General availability issues

Incident Report for Fluid Attacks

Postmortem

Impact

An unknown number of users found the Fluid Attacks Platform, the API, and the Agent unavailable. The issue started on UTC-5 24-03-05 19:47 and was proactively discovered 6 minutes (TTD) later by one of our monitoring tools, indicating the total outage of these components. The problem was resolved in 14.4 minutes (TTF), resulting in a total window of exposure of 20.4 minutes (WOE).

Cause

During infrastructure preparation for IPv6 utilization, a routing change was made for our cloud environment, documented in this issue [1] and implemented through this MR [2]. However, AWS did not immediately reflect this change, causing system unavailability due to synchronization issues.
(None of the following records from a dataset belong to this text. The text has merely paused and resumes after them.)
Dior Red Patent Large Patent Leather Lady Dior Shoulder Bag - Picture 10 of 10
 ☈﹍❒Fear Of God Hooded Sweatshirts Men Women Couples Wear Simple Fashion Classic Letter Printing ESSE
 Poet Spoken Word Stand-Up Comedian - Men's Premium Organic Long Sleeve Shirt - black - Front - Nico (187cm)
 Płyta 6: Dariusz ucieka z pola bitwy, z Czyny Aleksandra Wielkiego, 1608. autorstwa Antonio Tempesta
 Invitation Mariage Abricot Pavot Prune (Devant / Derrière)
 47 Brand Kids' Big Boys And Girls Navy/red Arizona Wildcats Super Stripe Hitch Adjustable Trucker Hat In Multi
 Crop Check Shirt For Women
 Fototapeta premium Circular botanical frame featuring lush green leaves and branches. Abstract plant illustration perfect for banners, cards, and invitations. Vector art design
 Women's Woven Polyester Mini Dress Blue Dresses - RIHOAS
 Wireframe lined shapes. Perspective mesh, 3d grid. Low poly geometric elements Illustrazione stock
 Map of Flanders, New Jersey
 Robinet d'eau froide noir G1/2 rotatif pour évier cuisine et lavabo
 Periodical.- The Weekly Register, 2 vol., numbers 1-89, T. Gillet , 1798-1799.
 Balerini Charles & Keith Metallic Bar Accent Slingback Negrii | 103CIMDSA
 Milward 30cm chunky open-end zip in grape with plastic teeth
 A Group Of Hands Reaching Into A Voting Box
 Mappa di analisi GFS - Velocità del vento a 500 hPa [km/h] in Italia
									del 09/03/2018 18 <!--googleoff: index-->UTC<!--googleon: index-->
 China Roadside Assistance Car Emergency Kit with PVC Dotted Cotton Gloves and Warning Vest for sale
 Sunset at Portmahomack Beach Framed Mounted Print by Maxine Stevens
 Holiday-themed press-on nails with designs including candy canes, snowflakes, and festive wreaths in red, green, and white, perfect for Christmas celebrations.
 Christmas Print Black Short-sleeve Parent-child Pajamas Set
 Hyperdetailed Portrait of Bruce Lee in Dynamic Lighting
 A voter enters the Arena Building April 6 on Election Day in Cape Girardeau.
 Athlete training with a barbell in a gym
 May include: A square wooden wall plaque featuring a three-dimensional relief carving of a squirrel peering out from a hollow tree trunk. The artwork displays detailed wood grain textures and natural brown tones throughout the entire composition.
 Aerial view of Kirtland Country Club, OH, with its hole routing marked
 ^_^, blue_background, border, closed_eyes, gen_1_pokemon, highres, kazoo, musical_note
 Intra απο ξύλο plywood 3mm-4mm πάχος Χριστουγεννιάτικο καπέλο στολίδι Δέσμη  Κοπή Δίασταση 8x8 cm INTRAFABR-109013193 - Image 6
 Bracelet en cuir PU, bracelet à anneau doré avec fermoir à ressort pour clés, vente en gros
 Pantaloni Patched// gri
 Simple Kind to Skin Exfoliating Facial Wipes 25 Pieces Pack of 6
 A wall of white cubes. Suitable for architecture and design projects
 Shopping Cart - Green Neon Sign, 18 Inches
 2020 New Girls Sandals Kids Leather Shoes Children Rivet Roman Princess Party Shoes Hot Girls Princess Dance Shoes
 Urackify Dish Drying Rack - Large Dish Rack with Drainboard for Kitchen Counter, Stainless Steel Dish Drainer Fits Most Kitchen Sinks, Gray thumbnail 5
This delay in routing change implementation led to network subnets losing internet access.

Solution

The team redeployed the change to synchronize it in the cloud, enabling instances to regain internet access.

Conclusion

Given that the issue stemmed from an AWS error, it was impossible to test beforehand. However, moving forward, we will consider potential latencies when applying routing changes within the AWS network. While it may be challenging to prevent outages due to this completely, the priority of addressing such incidents is relatively low, considering these components are rarely modified. INFRASTRUCTURE_ERROR < IMPOSSIBLE_TO_TEST

Posted Mar 06, 2024 - 18:25 GMT-05:00

Resolved

The issue was resolved and now all Fluid Attacks products are fully available.

Posted Mar 05, 2024 - 22:24 GMT-05:00

Identified

Some Fluid Attacks products are experiencing availability issues. Click for details: https://availability.fluidattacks.com

Posted Mar 05, 2024 - 19:53 GMT-05:00

This incident affected: Platform, Agent, and Extensions.